She watched him sip the wine. He wasn't looking at her, wasn't meeting her gaze.
"Who is this patient?" she asked. "How old is she?"
'! don't want to talk about it."
"You're the one taking her to surgery. You must know how old she is."
"Forty-six."
"From out of state?"
"Boston."
"I heard she was flying in from Rhode Island. That's what the nurses told me."
"She and her husband live in Newport during the summer."
"Who's her husband?"
"Some guy named Victor Voss. That's all I know about him, his name."
She paused. "How did Voss get his money?"
"Did I say anything about money?"
"A summer home in Newport? Give me a break, Mark."
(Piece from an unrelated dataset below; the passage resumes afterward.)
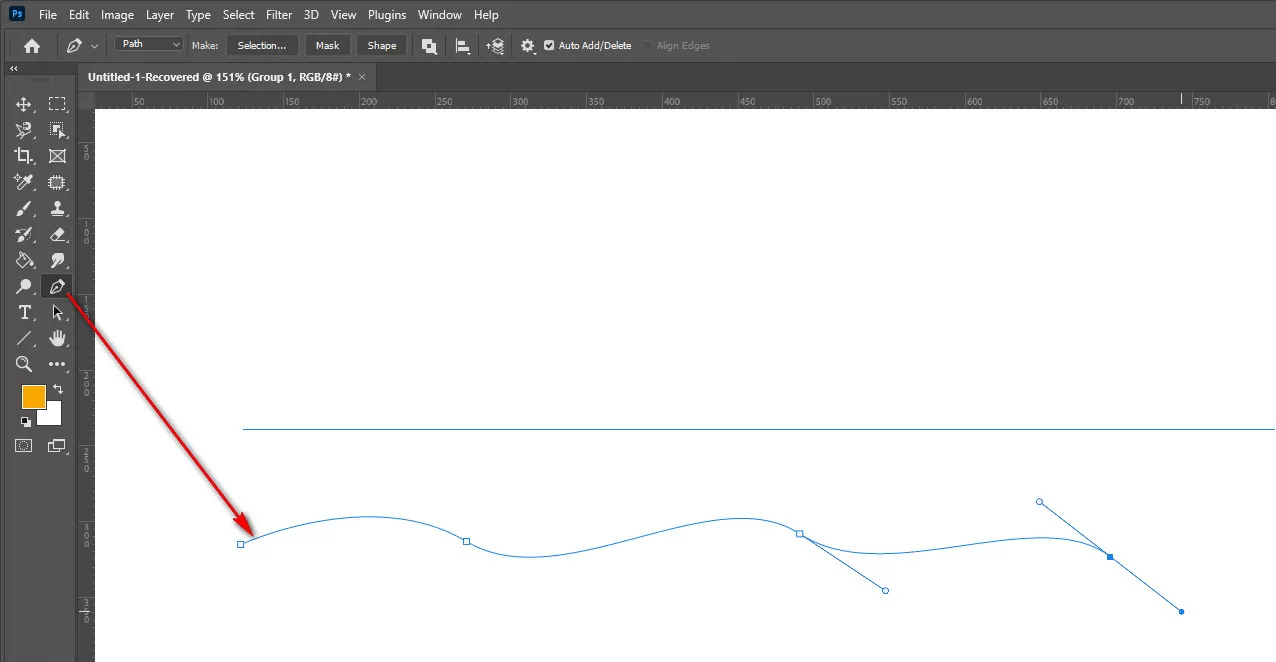 Drawing a curved line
He still wouldn't look at her, still wouldn't lift his gaze from that glass of wine. So many times before, she'd look across a table at him and see all the things that had first attracted her. The direct gaze. The forty-one years of laugh lines. The quick smile. But tonight, he wasn't even looking at her.
She said, "I didn't realize it was so easy to buy a heart."
"You're jumping to conclusions."
"Two patients need a heart. One is a poor, uninsured kid on the teaching service. The other has a summer home in Newport. So which one gets the prize? It's pretty obvious."
He reached again for the wine bottle and poured himself another glass — his third. For a man who prided himself on his temperate lifestyle, he was drinking like a lush. "Look," he said. "I spend all day in the hospital. The last thing I feel like doing is talking about it. So let's just drop the subject."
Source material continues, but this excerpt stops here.